§ WORK TO COMPLETE: Locate "Spring Bloom Series" in the records below, then copy its line and every following line exactly, without the pictures.

--- ENTRIES PROVIDED ---

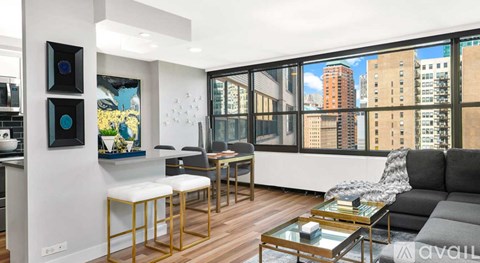 1100 S Michigan Ave 1 Apartment for Rent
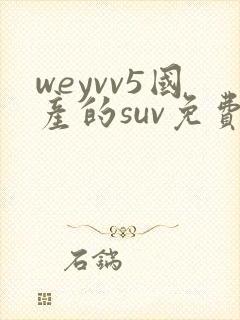 weyvv5国产的suv免费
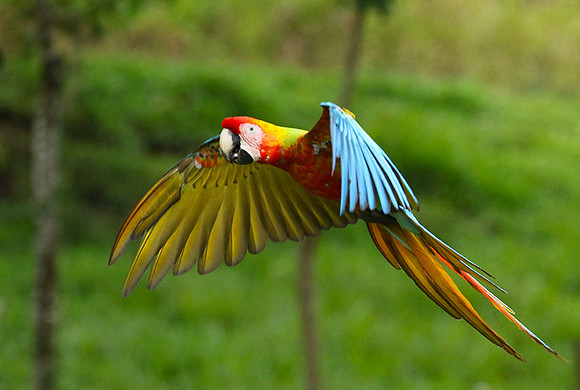 Macaw - ara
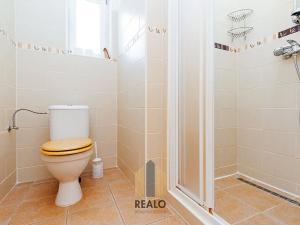 Pronájem komerční nemovitosti, Lažánky, 500 m2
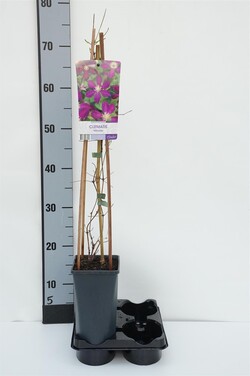 Raganė (Lot Clematis) 'Mikelite' C2,5 70 CM 4 ST(SP)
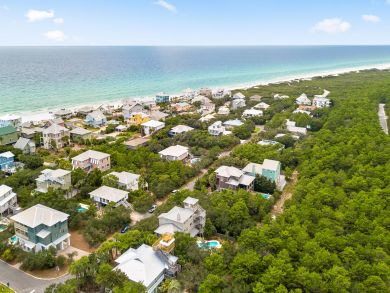 Beaches Of South Walton Home 940245
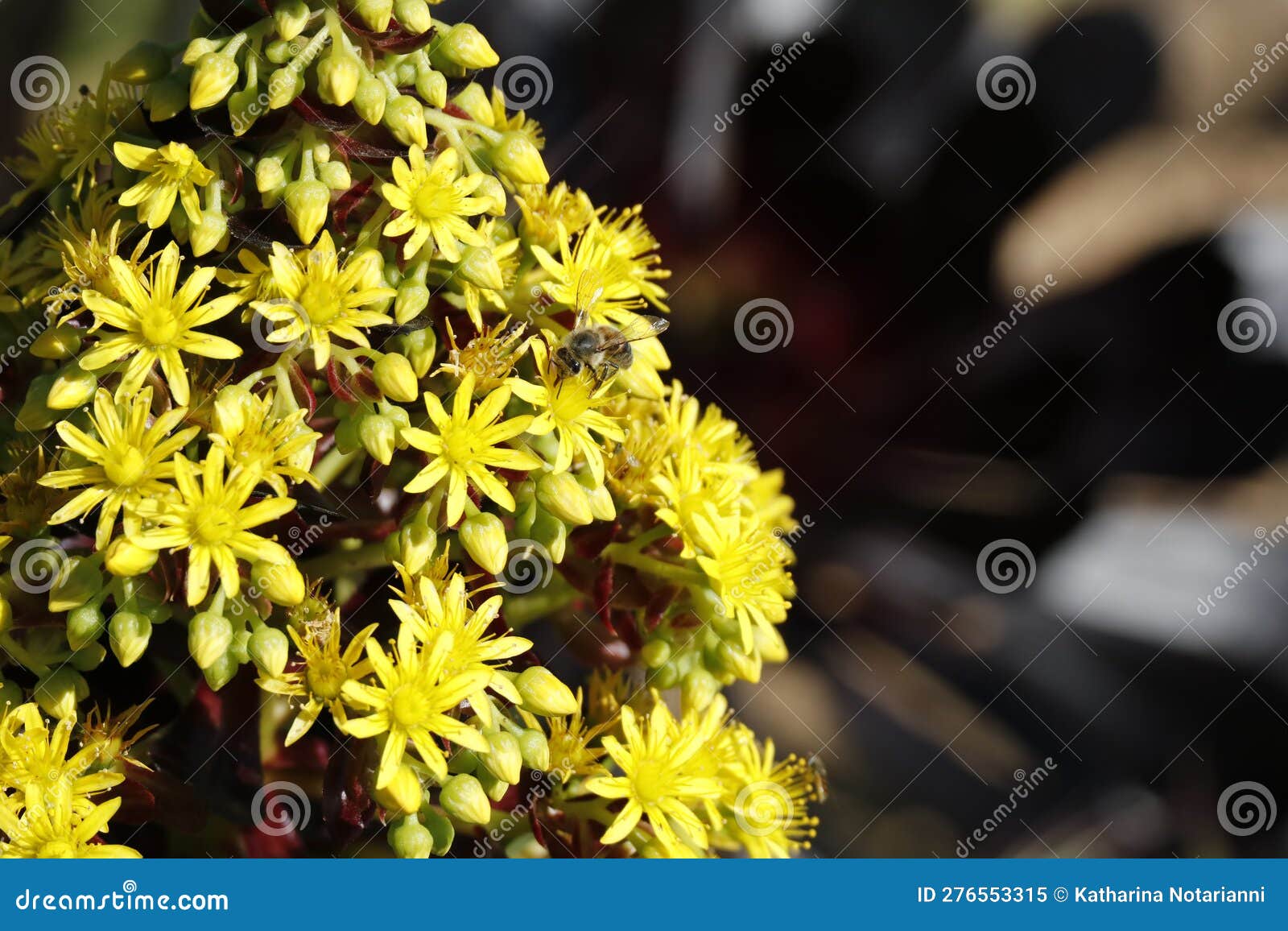 Spring Bloom Series - Aeonium Arboreum Zwartkop - the Black Rose ...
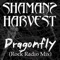 Dragonfly (Radio Mix) - Shaman's Harvest lyrics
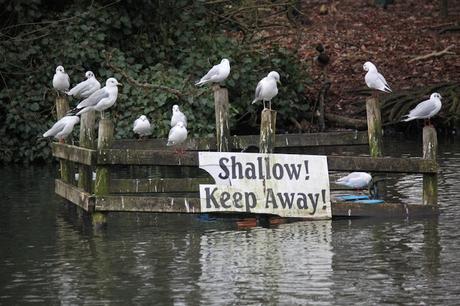 The Monday Photoblog… Forbidden London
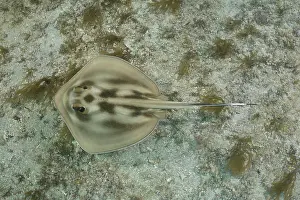 Rays Prints: Brazilian large-eyed stingray (Hypanus marianae) swimming over seabed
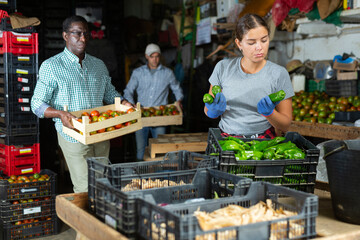 Focused young female farmer working in sorting warehouse of vegetable farm preparing crop of...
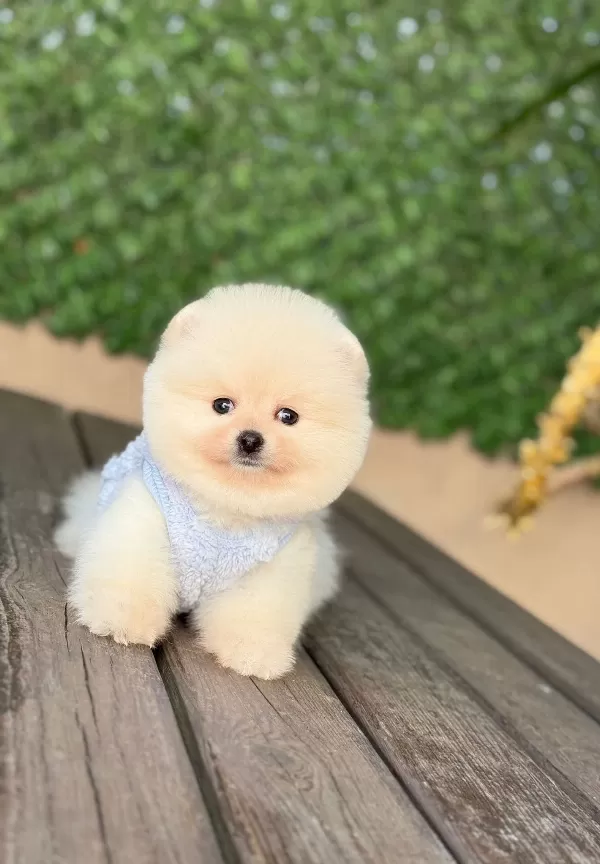 Sağlıklı Ve Neşeli Pomeranian Boo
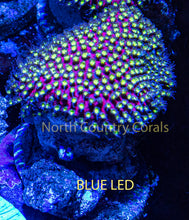 Load image into Gallery viewer, Stylocoeniella WWC Electric Daisy
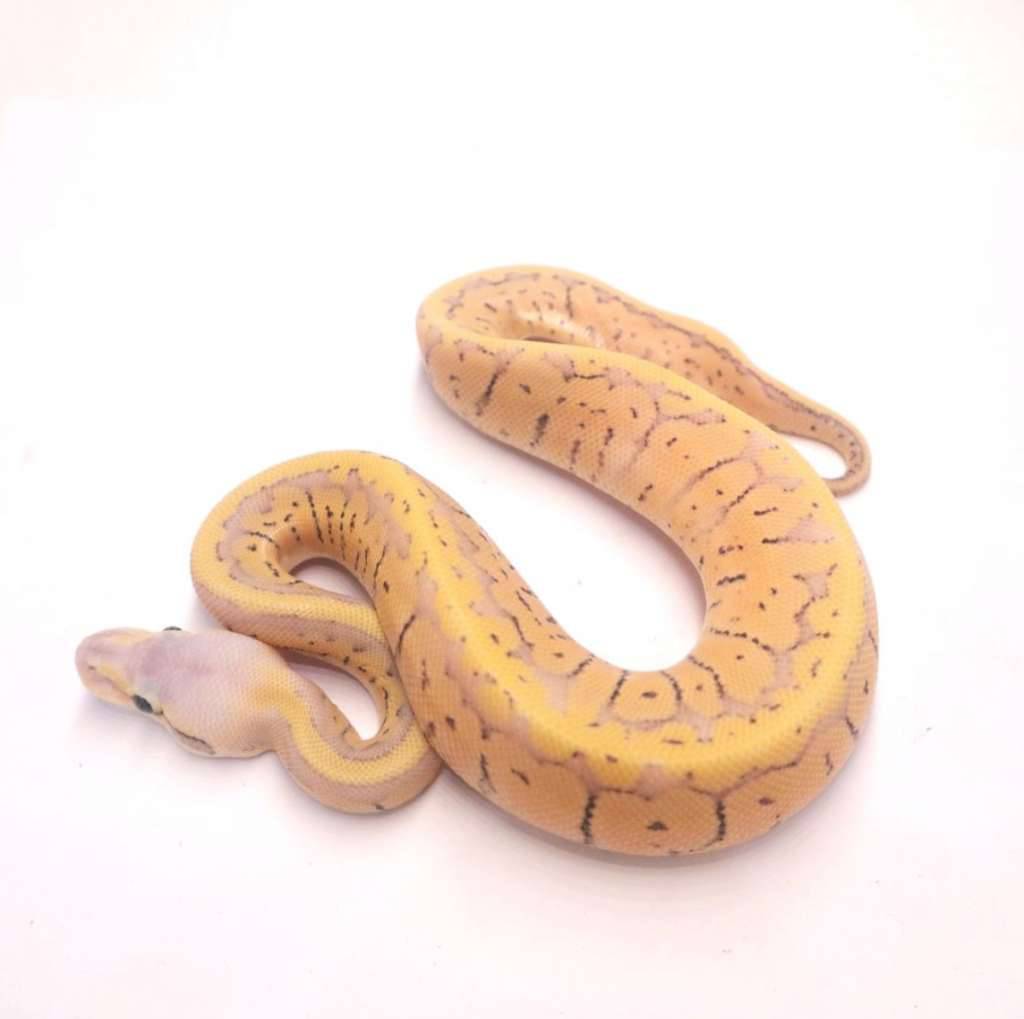 super-pastel-pinstripe-het-desert-ghost-VNDB24TZ9F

---

§ EXERCISE OUTPUT:
 Spring Bloom Series - Aeonium Arboreum Zwartkop - the Black Rose ...
 Dragonfly (Radio Mix) - Shaman's Harvest lyrics
 The Monday Photoblog… Forbidden London
 Rays Prints: Brazilian large-eyed stingray (Hypanus marianae) swimming over seabed
 Focused young female farmer working in sorting warehouse of vegetable farm preparing crop of...
 Sağlıklı Ve Neşeli Pomeranian Boo
 Load image into Gallery viewer, Stylocoeniella WWC Electric Daisy
 super-pastel-pinstripe-het-desert-ghost-VNDB24TZ9F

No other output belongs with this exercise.